**SUPPLIED MATERIAL:**
=====

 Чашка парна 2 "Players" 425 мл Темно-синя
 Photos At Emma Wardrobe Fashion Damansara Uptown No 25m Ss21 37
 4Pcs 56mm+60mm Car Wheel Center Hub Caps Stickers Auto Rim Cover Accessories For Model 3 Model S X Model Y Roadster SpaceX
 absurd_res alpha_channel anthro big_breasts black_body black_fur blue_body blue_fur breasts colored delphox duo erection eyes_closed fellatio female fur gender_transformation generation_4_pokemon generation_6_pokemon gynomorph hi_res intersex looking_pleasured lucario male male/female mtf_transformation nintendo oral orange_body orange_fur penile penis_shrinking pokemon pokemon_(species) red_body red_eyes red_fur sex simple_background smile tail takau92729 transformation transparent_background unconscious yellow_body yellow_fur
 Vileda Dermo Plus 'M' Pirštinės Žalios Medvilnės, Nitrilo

=====

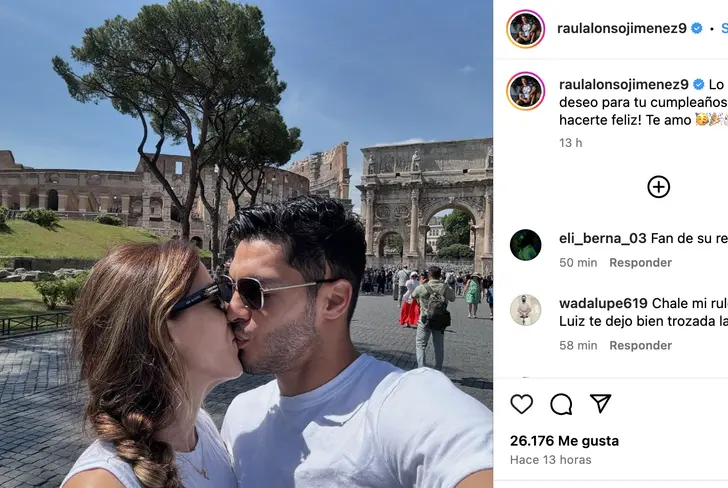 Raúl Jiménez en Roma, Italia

=====

**INSTRUCTIONS FOR THE TASK:** In the records above, the line with "Photos At Emma" marks the start and the line with "absurd_res alpha_channel anthro" marks the end; copy that stretch exactly, both lines included, and nothing else.

**RESULT:**
 Photos At Emma Wardrobe Fashion Damansara Uptown No 25m Ss21 37
 4Pcs 56mm+60mm Car Wheel Center Hub Caps Stickers Auto Rim Cover Accessories For Model 3 Model S X Model Y Roadster SpaceX
 absurd_res alpha_channel anthro big_breasts black_body black_fur blue_body blue_fur breasts colored delphox duo erection eyes_closed fellatio female fur gender_transformation generation_4_pokemon generation_6_pokemon gynomorph hi_res intersex looking_pleasured lucario male male/female mtf_transformation nintendo oral orange_body orange_fur penile penis_shrinking pokemon pokemon_(species) red_body red_eyes red_fur sex simple_background smile tail takau92729 transformation transparent_background unconscious yellow_body yellow_fur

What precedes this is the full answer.